Essas medidas simples já evitam a maior parte das fraudes. Lembre‑se: quem tem algo a ganhar com a sua vulnerabilidade costuma usar a urgência como arma, então mantenha a calma e verifique tudo.
O que acontece se o valor ultrapassar o teto de R$ 250 mil?
Para quem investiu mais de R$ 250 mil em uma única instituição, o excedente não está coberto pelo FGC. Nesse caso, o credor passa a integrar a massa falida como credor quirografário, ou seja, sem garantia de recebimento. É importante saber exatamente quanto você tem direito a receber e, se necessário, buscar orientação jurídica para avaliar as chances de recuperação desse valor.

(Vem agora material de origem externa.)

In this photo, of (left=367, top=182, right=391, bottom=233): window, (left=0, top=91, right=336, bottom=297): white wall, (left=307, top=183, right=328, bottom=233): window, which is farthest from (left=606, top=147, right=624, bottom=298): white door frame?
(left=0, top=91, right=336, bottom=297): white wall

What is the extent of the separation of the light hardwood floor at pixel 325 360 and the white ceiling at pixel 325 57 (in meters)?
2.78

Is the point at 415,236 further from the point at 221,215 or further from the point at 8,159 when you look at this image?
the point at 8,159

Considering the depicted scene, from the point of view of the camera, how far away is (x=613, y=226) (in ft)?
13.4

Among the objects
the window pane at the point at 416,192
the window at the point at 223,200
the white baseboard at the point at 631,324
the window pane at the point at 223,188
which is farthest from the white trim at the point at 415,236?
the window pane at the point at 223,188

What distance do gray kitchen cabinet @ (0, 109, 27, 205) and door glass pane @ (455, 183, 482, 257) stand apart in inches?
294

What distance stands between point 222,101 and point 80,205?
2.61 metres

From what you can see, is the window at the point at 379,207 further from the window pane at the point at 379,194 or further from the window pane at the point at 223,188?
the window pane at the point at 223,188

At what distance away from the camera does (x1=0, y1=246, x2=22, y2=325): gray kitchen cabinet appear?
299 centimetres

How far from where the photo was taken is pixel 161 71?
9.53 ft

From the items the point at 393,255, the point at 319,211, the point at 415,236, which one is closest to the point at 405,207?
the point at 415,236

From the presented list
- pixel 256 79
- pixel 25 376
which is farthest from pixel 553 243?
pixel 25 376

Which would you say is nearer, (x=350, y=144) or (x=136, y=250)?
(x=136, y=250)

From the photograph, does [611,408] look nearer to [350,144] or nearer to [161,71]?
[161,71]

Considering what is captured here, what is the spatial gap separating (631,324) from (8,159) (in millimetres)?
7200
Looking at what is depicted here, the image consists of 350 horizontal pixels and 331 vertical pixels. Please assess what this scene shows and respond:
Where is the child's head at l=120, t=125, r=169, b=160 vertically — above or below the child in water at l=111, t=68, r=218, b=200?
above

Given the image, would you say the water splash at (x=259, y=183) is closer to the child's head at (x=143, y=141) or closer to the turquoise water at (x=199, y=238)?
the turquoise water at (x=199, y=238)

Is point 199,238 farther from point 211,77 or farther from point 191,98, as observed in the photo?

Perspectivas futuras e lições aprendidas
O caso Master traz duas lições importantes para quem investe no Brasil:
- Diversificação é essencial: espalhar investimentos entre diferentes bancos e tipos de aplicação reduz o risco de perder tudo em uma falência.
- Conhecer os mecanismos de proteção: entender como funciona o FGC, seus limites e procedimentos pode fazer a diferença entre receber o dinheiro rapidamente ou ficar à deriva.
Além disso, a situação reforça a necessidade de educação financeira contínua. Quando sabemos o que fazer em momentos de crise, conseguimos agir com mais segurança e menos ansiedade.
Se você ainda não baixou o aplicativo do FGC, faça isso agora mesmo. E, se recebeu alguma mensagem suspeita, compartilhe com amigos e familiares – a informação é a melhor arma contra os golpistas.
Fique atento, siga as recomendações oficiais e, principalmente, não se deixe levar pela pressa. Seu dinheiro merece a mesma cautela que você tem ao escolher onde investir.